** Opening Data provided block **

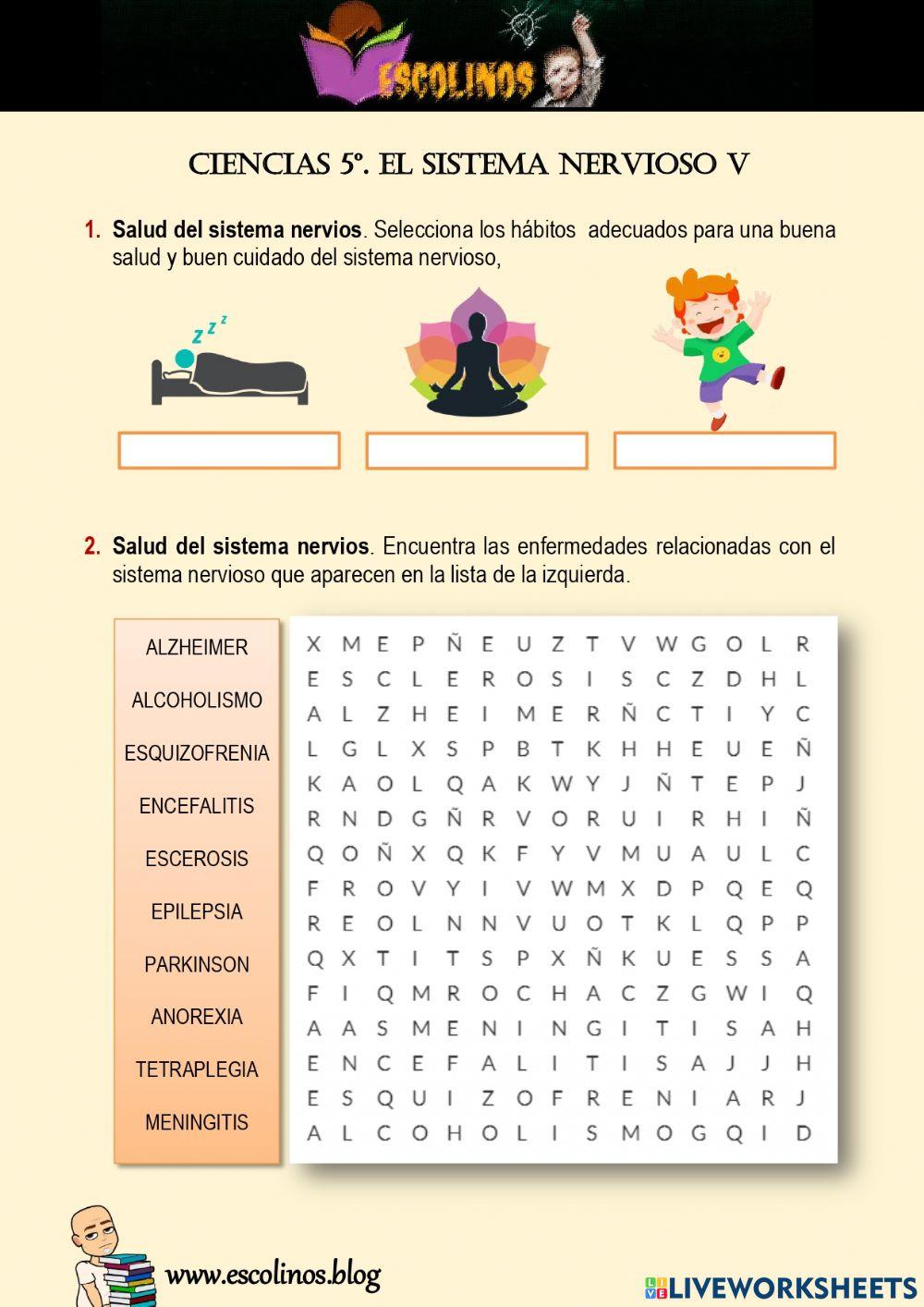 Ciencias 5º. El sistema nervioso V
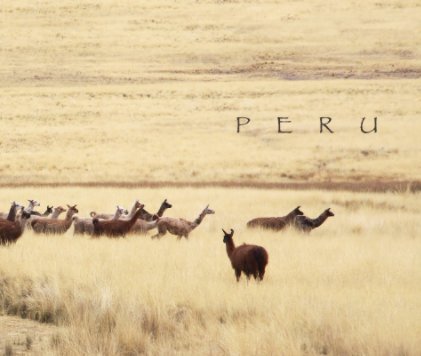 Peru 2008 book cover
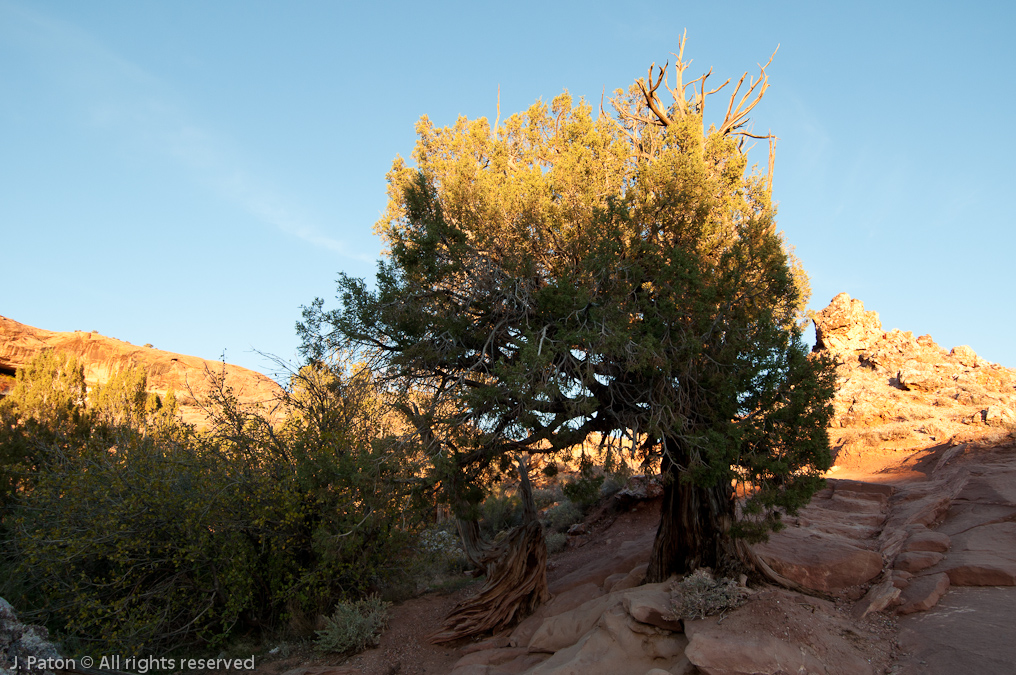 Sunset Color   Arches National Park, Utah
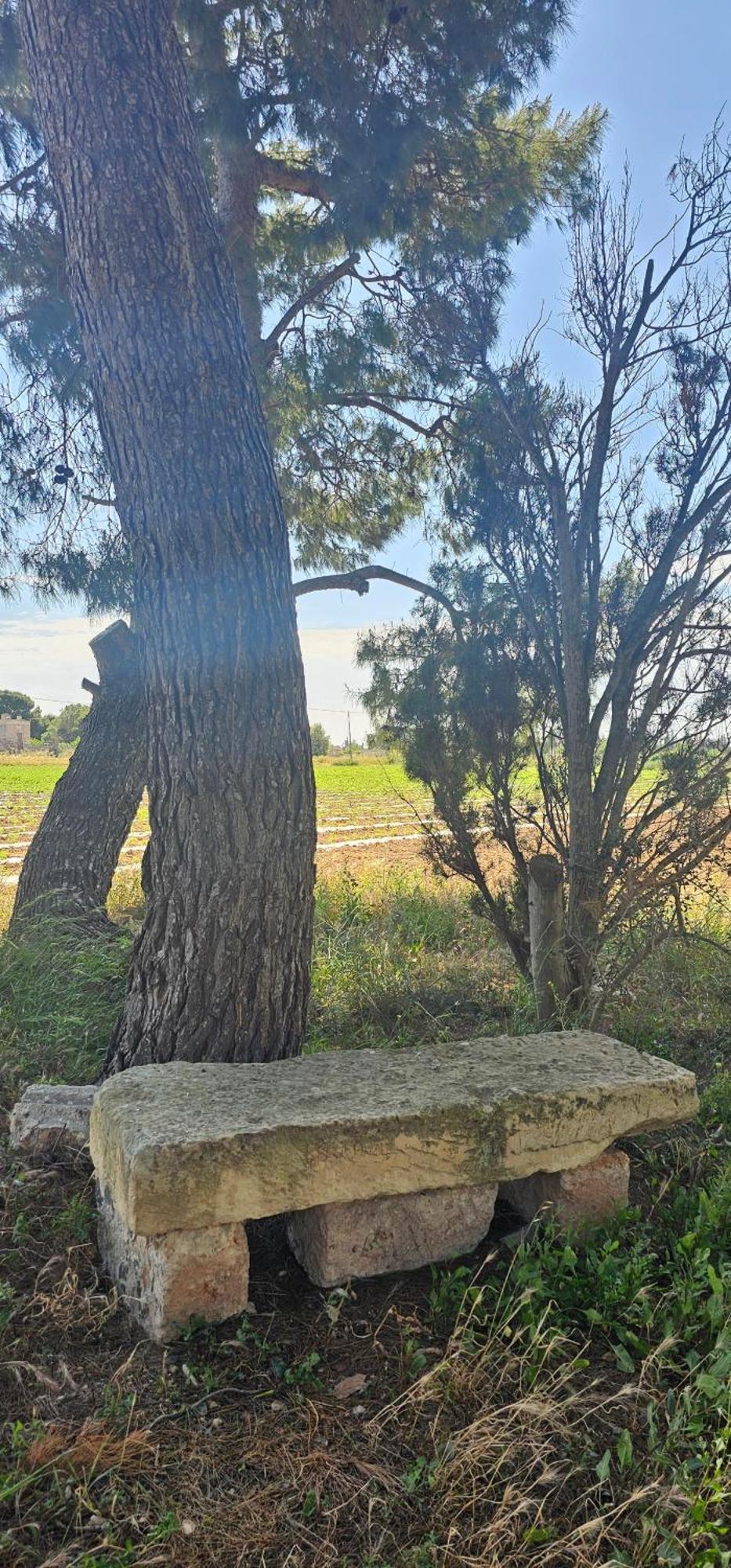 Masseria Vivi Il Salento Santa Caterina  ภายนอก รูปภาพ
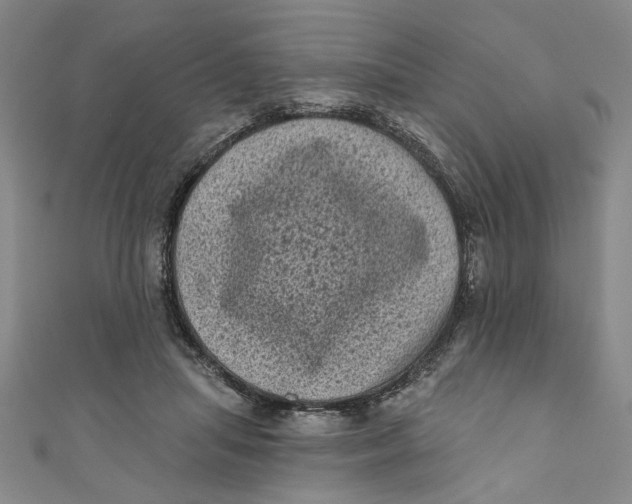 X0000110940455200907101250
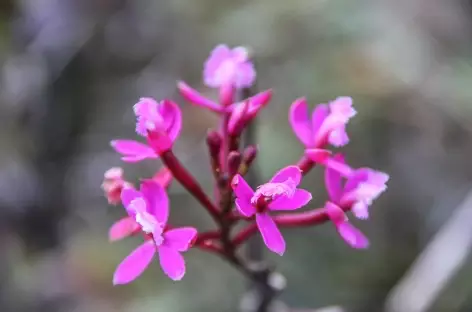 Fleur tropicale - Pérou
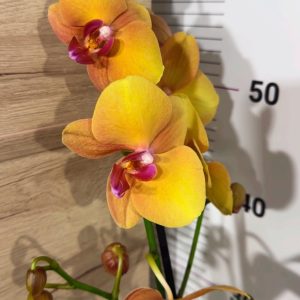 Фаленопсис 1цв. #316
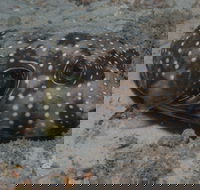 The Wrecks Dive Site at Moreton Island - Accommodation Cooktown
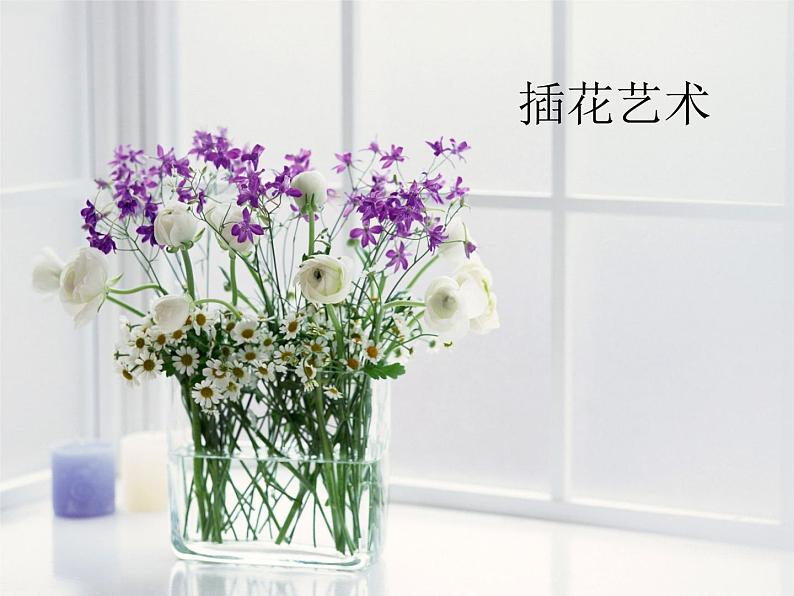 桂美版六年级下册 美术 课件 6.插花艺术(31张幻灯片)第1页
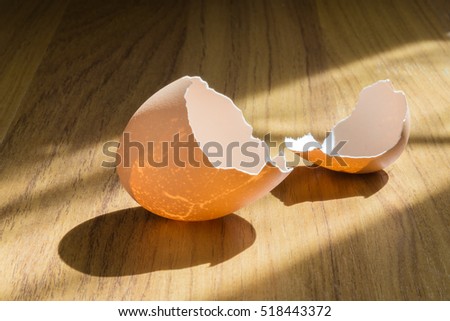 Eggshell, which is visible by sunlight shining through,on wood background
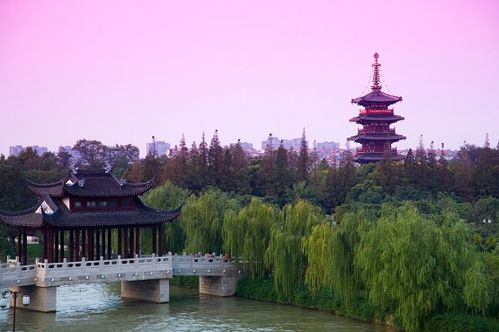 苏州文化国际旅行社 信息化赋能,开启旅游消费新生态
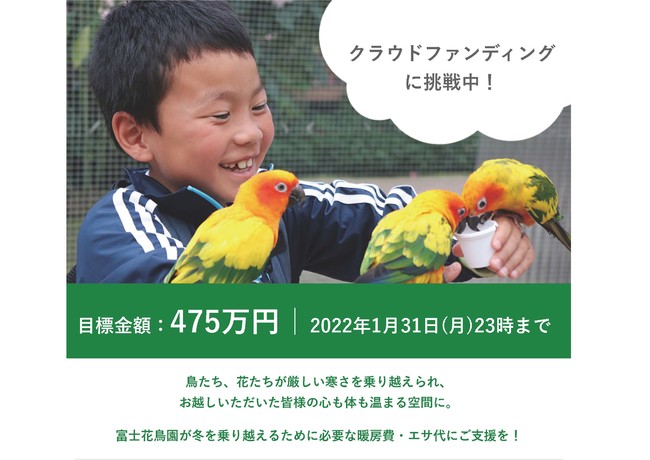 富士花鳥園 静岡県富士宮市 鳥たち 花たち お客様に 心も身体も温まる空間を 加茂株式会社のプレスリリース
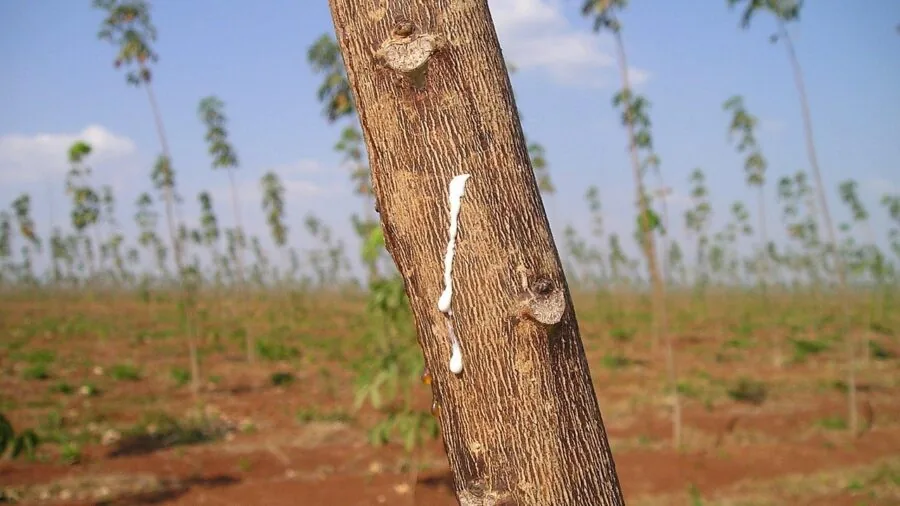 Close-up of protective rubber trim being applied to car door edge in natural daylight
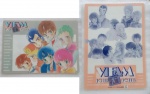 Vifam_06.jpg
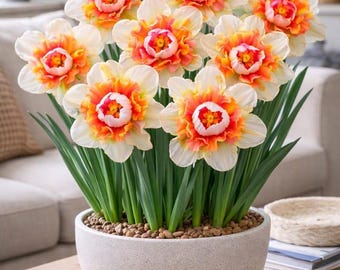 Princess Bride Double Daffodil Bulbs (10 Pack) | Premium Spring Flower Bulbs | Double Bloom Perennial Daffodils for Garden Beds & Containers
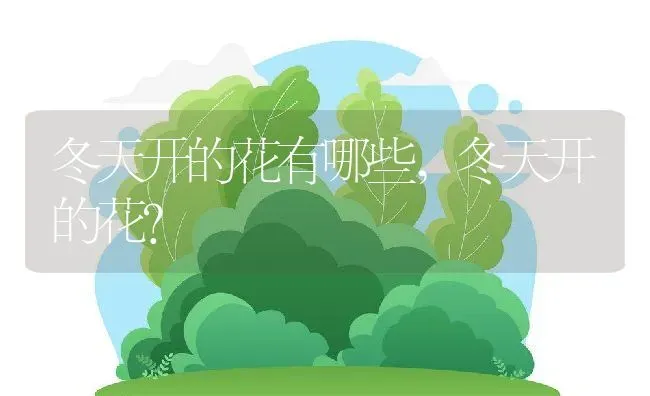 冬天开的花有哪些,冬天开的花？ | 养殖科普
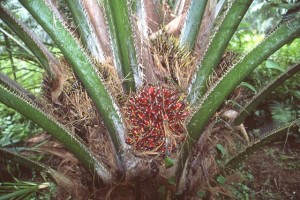 palmier © Secrets de plantes
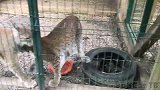 女人的三只猞猁，以前同吃同住，现在被关进铁笼，怀念男主人啊！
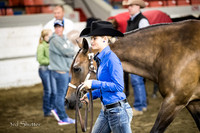 Halter - AQHA Youth Mares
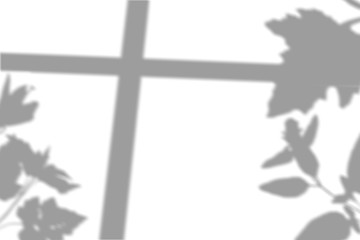 Black shadow silhouette and overlay on the white isolated background for photos. Use multiply blend mode. Natural shadow.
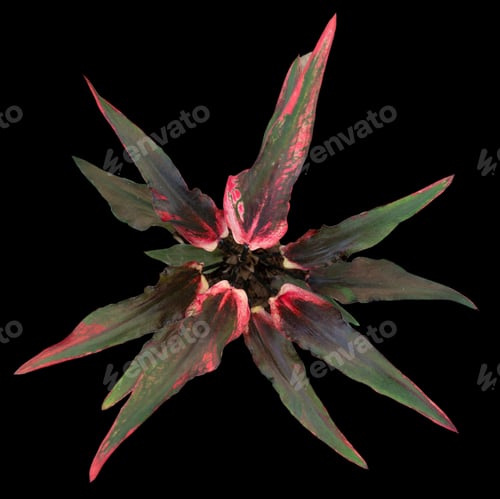 Preview: Beautiful colorful caladium on Black background isolate with clipping path. Queen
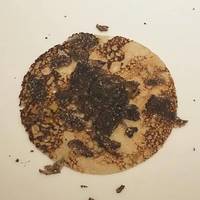 マルゴット エ バッチャーレ - 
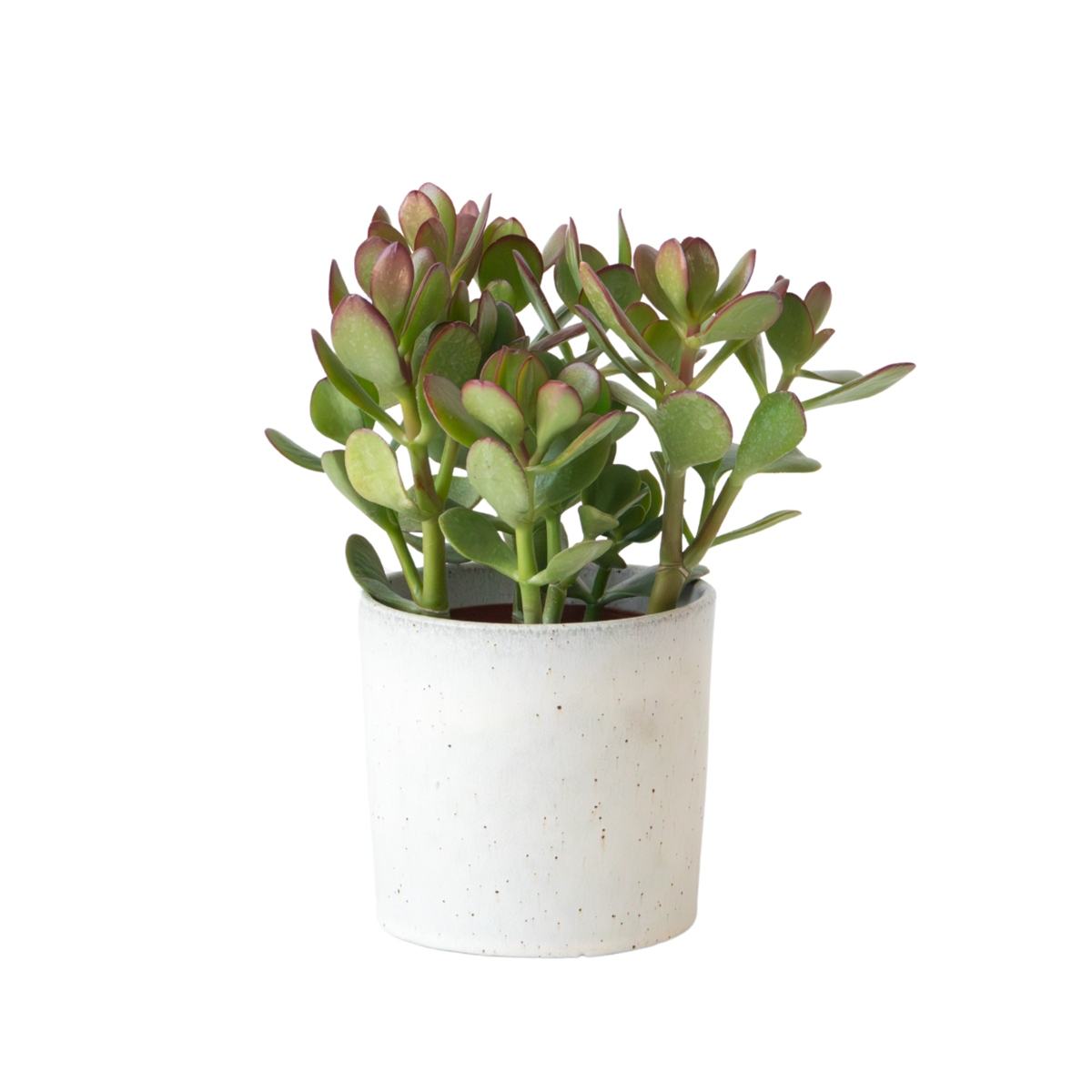 Arbre à jade - Crassula ovata - Hauteur 15-25cm - ø12cm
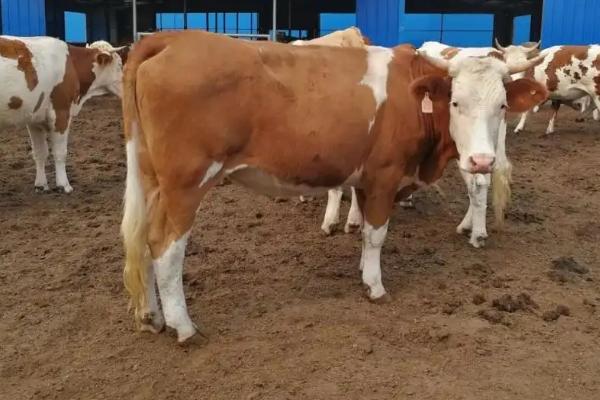 母牛胎衣不下怎么办，是什么原因导致的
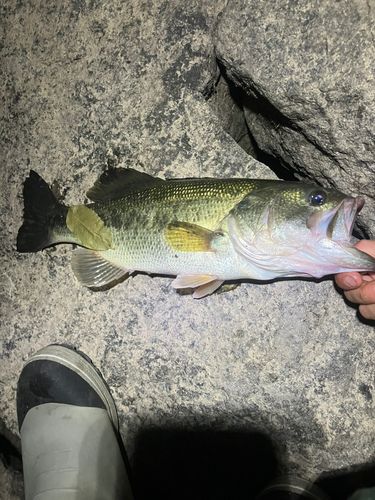 ラージマウスバスの釣果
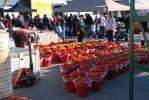 St Jakobs Farmers Market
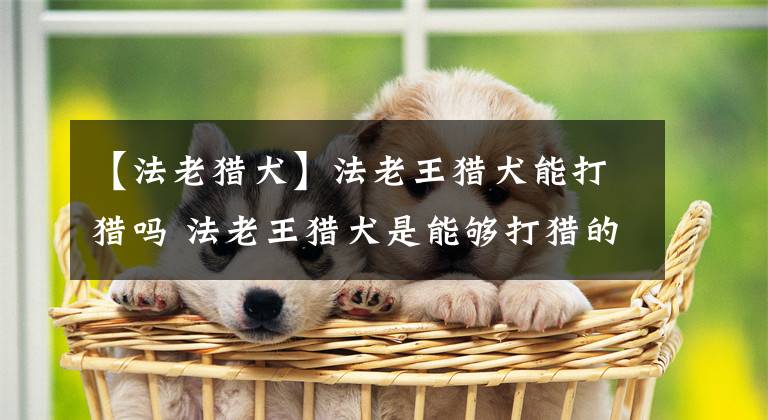 【法老獵犬】法老王獵犬能打獵嗎 法老王獵犬是能夠打獵的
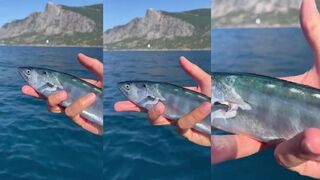 Морская рыбалка в Крыму пеламида у мыса Ласпи как проходит осенний выход в море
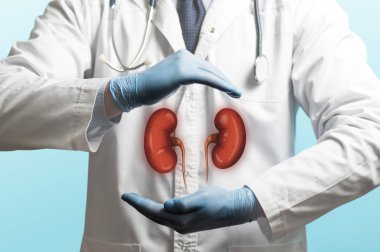 Görüntü doktor Beyaz önlük ve böbrekler elleri yukarıda. Sağlıklı böbrekler kavramı.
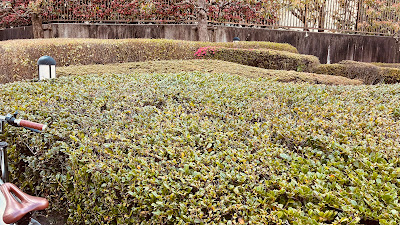 Jingumae Gochome Ryokuchi Park 사진 5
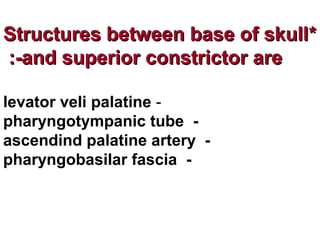**Structures between base of skullStructures between base of skull
and superior constrictor areand superior constrictor are:-:-
-levator veli palatine
-pharyngotympanic tube
-ascendind palatine artery
-pharyngobasilar fascia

** Closing Data provided block **

> [What this task involves]: Transcribe all of the data above verbatim but omit every picture.

> [Problem solution]:
 Ciencias 5º. El sistema nervioso V
 Peru 2008 book cover
 Sunset Color   Arches National Park, Utah
 Masseria Vivi Il Salento Santa Caterina  ภายนอก รูปภาพ
 X0000110940455200907101250
 Fleur tropicale - Pérou
 Фаленопсис 1цв. #316
 The Wrecks Dive Site at Moreton Island - Accommodation Cooktown
 桂美版六年级下册 美术 课件 6.插花艺术(31张幻灯片)第1页
 Eggshell, which is visible by sunlight shining through,on wood background
 苏州文化国际旅行社 信息化赋能,开启旅游消费新生态
 富士花鳥園 静岡県富士宮市 鳥たち 花たち お客様に 心も身体も温まる空間を 加茂株式会社のプレスリリース
 Close-up of protective rubber trim being applied to car door edge in natural daylight
 Vifam_06.jpg
 Princess Bride Double Daffodil Bulbs (10 Pack) | Premium Spring Flower Bulbs | Double Bloom Perennial Daffodils for Garden Beds & Containers
 冬天开的花有哪些,冬天开的花？ | 养殖科普
 palmier © Secrets de plantes
 女人的三只猞猁，以前同吃同住，现在被关进铁笼，怀念男主人啊！
 Halter - AQHA Youth Mares
 Black shadow silhouette and overlay on the white isolated background for photos. Use multiply blend mode. Natural shadow.
 Preview: Beautiful colorful caladium on Black background isolate with clipping path. Queen
 マルゴット エ バッチャーレ - 
 Arbre à jade - Crassula ovata - Hauteur 15-25cm - ø12cm
 母牛胎衣不下怎么办，是什么原因导致的
 ラージマウスバスの釣果
 St Jakobs Farmers Market
 【法老獵犬】法老王獵犬能打獵嗎 法老王獵犬是能夠打獵的
 Морская рыбалка в Крыму пеламида у мыса Ласпи как проходит осенний выход в море
 Görüntü doktor Beyaz önlük ve böbrekler elleri yukarıda. Sağlıklı böbrekler kavramı.
 Jingumae Gochome Ryokuchi Park 사진 5
**Structures between base of skullStructures between base of skull
and superior constrictor areand superior constrictor are:-:-
-levator veli palatine
-pharyngotympanic tube
-ascendind palatine artery
-pharyngobasilar fascia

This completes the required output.